By 1977 only two thirds of the area developed for irrigation - at a cost of about $10,000 per acre - was being used. And the farming methods were so in-appropriate that many farmers could only break even because their seeds and fertilizers were subsidised. And even with these subsidies it would have been cheaper to buy imported wheat than to grow it.
Conflict between farmer and expert centred on paying for ploughing. The experts insisted on payment in advance to allow the tractors to begin early enough for planting at the right time. Why, they asked, were the farmers being so uncooperative?
The farmers, for their part, saw the tractor service as unreliable. They remembered waiting in vain for tractors which arrived late whether they had paid in advance or not. And they distrusted the irrigation scheme: the pumps were continually breaking down, leaving crops to wilt in the sun. When pumps were working poor drainage caused water-logging, and the fluctuating prices offered for their produce meant that even if the machinery had been working all the time it was very unlikely that they would be able to cover their costs. So they resisted in the only way they could - by spending as little as possible.
When the farmers' logic was explained to the irrigation experts and foreign consultants, they responded with their own logic: farmers would have to co-operate - or be excluded from the scheme. Their solution was the same as the colonial government's fifty years earlier. Farmers would have to forfeit their customary rights and become tenants on their own land. As tenants they would have to `cooperate; or have their land taken away.
Who was being irrational - the expert for continuing to believe that the schemes failed because farmers were lazy? Or the farmer for continuing to devote most of his time to well-tried traditional methods?
Perhaps both were being logical. The farmer wants to minimise his risks. That makes sense. But the experts advocating the schemes, the officials involved in managing and funding them, the politicians supporting them, had their reasons too.
For the politicians, the slogans `water for all' and `we will make the deserts bloom' were potential vote-catchers. A man supporting irrigation must have the peoples' well-being at heart.
As for the officials: the only people who appeared to have benefited from Kwarre were those who had either had the work on their farms done free by the government or who had received oxen, seeds and ploughs on credit that seems never to have been repaid - the Sultan of Sokoto and prominent members of the Sokoto Native Authority for example. Similarly, regular scandals surfaced throughout the 50s and 60s about the allocation of ready-irrigated land at Wurno, Yo, Gamboru, Edozhigi, and other places, to politicians, tribal chiefs and government officials.
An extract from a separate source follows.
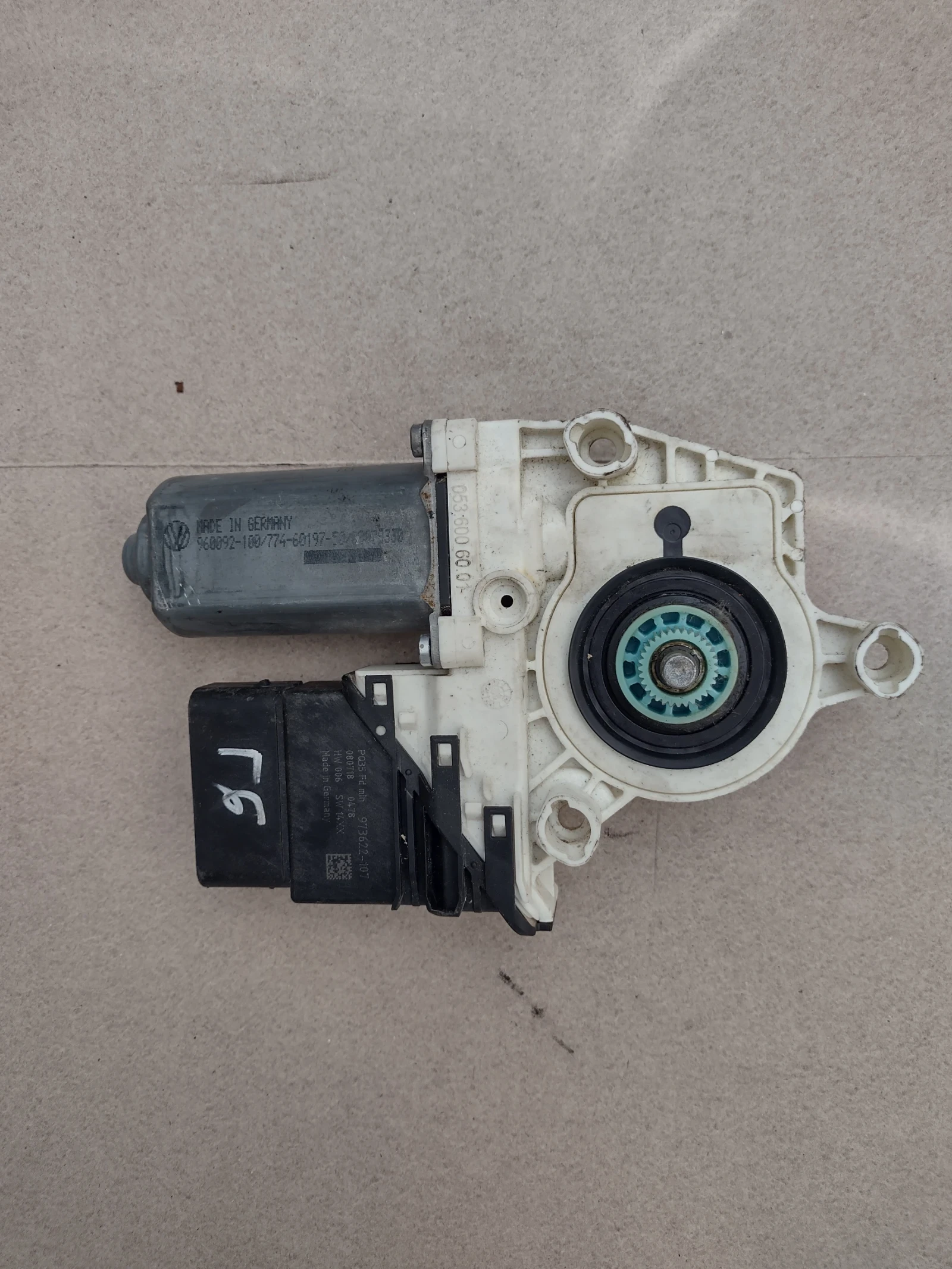 0536006001         VW Golf VI, Passat B6  5K0959794 | Mobile.bg   2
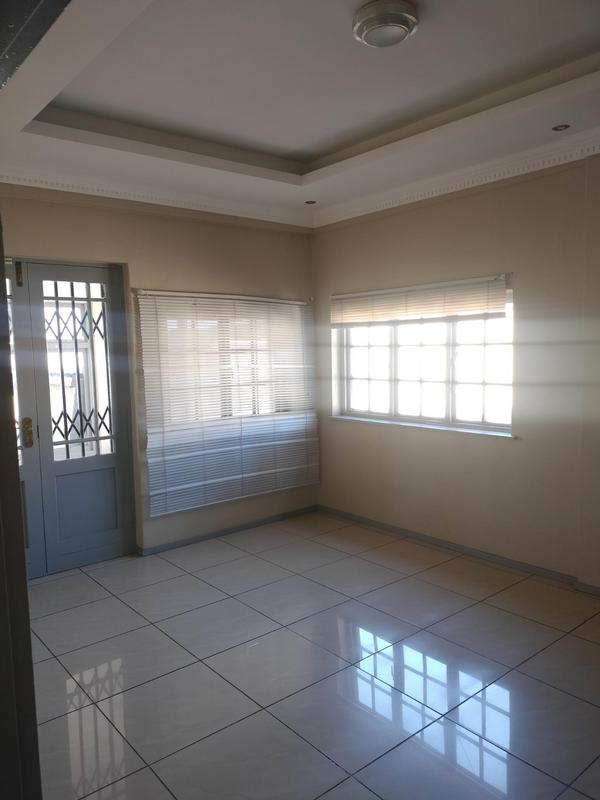 3 Bedroom Property for Sale in Linmeyer Gauteng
And so to the experts: the irrigation engineers, agriculturalists, advisers, consultants, contractors, designers and planners - many now employed on especially accelerated pay scales in the River Basin Development Authorities. The myth of the lazy peasant - passed from one generation of experts to another-is a pervasive and convenient one. It shields a paternalism that is only recently being challenged - as well as preserving reputations and pay-cheques. And in Nigeria it has ensured that there will always be an irrigation scheme requiring that expert touch.